Your assignment |
An exact retyping of all lines below is the answer; pictures do not belong in it.

___ Information provided

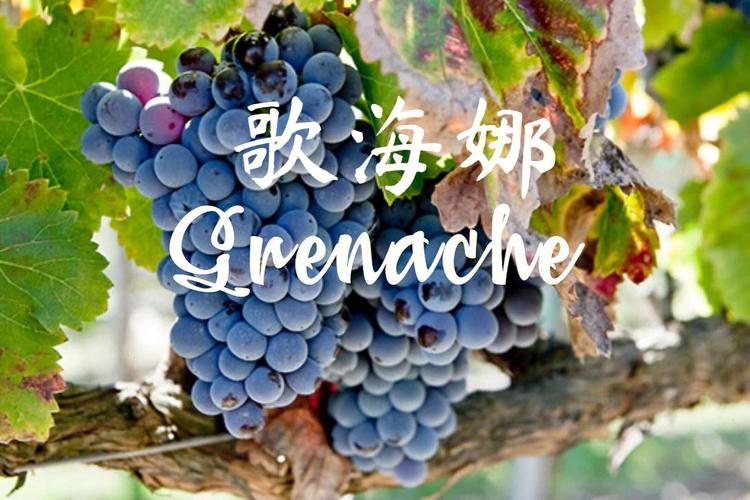 破解网易云音乐图标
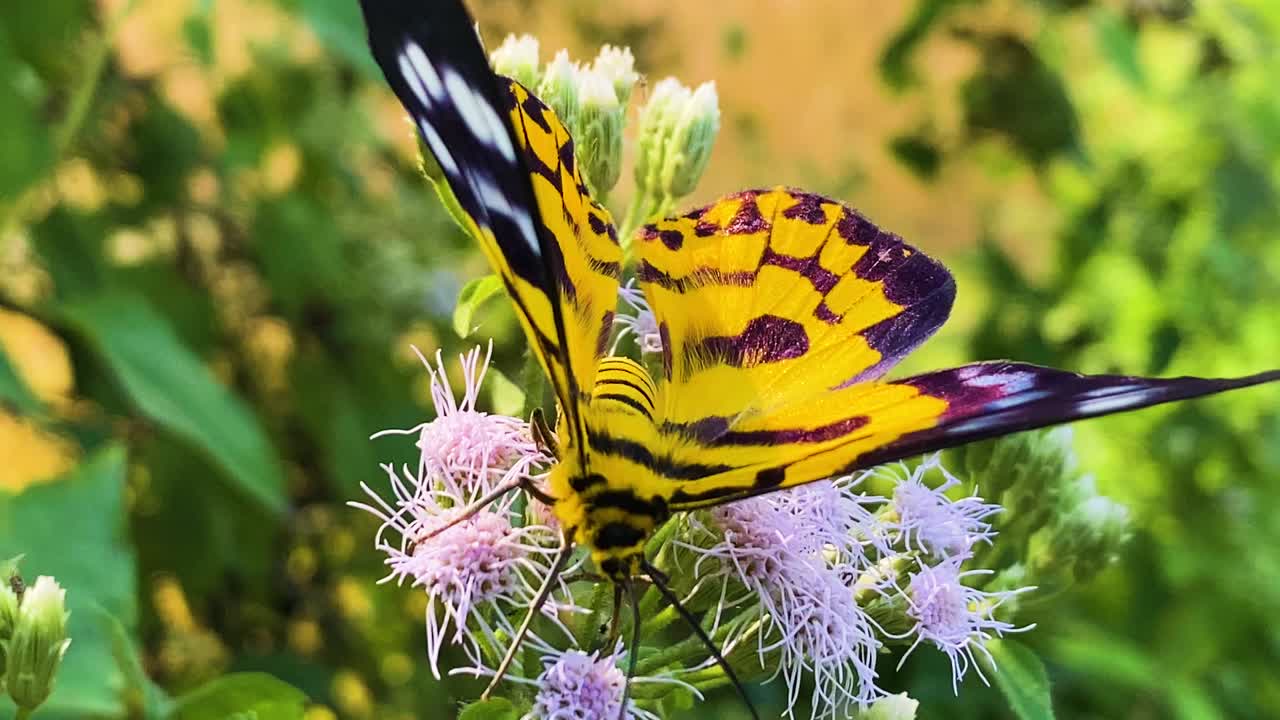 Falsa falena tigre che mangia il nettare del fiore di erba siamese con sfondo naturale. Primo piano, macro.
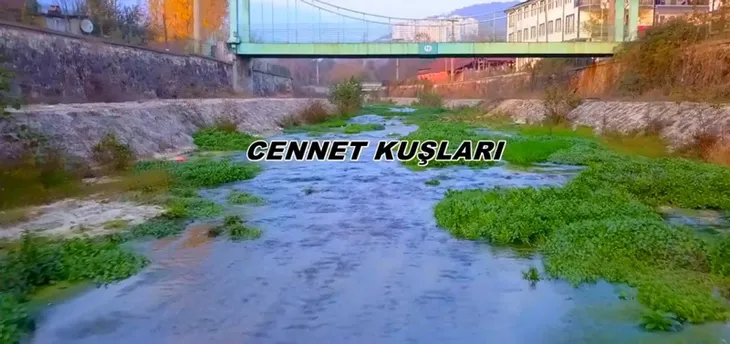 1583245878498.jpg Kemal Sunal'ın amcası olduğunu iddia ederek esnafı dolandırdı - 2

______

Answer box |
 破解网易云音乐图标
 Falsa falena tigre che mangia il nettare del fiore di erba siamese con sfondo naturale. Primo piano, macro.
 1583245878498.jpg Kemal Sunal'ın amcası olduğunu iddia ederek esnafı dolandırdı - 2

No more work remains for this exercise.